This Saturday the Dane County TimeBank co-hosts the Madison Hours Holiday Trade Fair. Vendors will take Madison Hours and dollars in whatever combination they choose – some may take timebank hours too. And the Dane County TimeBank is hosting a swap meet where people can trade stuff, Madison Hours or checks from their timebank accounts, whatever they like and whatever feels fair. We’ve started to do this regularly lately and it’s really fun! And gives folks a chance to practice living in a different kind of economy.

and taking that deeper, we’re starting to get the Build a Better World Game out into the world. It’s finally in a more shareable form, still to be improved in the coming weeks. We’ll play in a number of settings, do some of the activities in real life, and continually improve upon the game. Or rather, players will continually improve upon the game.
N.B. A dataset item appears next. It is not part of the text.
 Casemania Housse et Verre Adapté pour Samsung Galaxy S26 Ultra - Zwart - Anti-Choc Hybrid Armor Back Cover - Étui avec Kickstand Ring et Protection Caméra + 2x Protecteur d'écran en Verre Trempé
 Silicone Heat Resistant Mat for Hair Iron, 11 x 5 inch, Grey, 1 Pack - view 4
We’re playing here on Friday December 7 and will let you know how it goes. We’ll be taking lots of pix and video.

Look for a post in a couple weeks that’ll share that experience, point you to where you can get a better-put-together (than what I have right now, which is useable if you want it sooner) version of the game to check out yourself, and share our new ideas and plans.

Thanks for reading!
–Stephanie

ps feel free to pass this on to folks you think would be interested, and encourage them to sign up for the RSS feed if they like it so they can get an email when we post new stuff


Sharing Builders Workshop #7: Healthy Community Economy Part II

Hello!

Builders Workshop #7: Healthy Community Economy Part II was a great wrap-up of our explorations, from the Healthy Community Economy Part I workshop as well as the intervening Economic Democracy Conference, of how multiple currency/cooperative economic models could work in concert to achieve powerful community goals. In the Economic Democracy Conference open space Action Summit session we applied this thinking to the outcome of food security.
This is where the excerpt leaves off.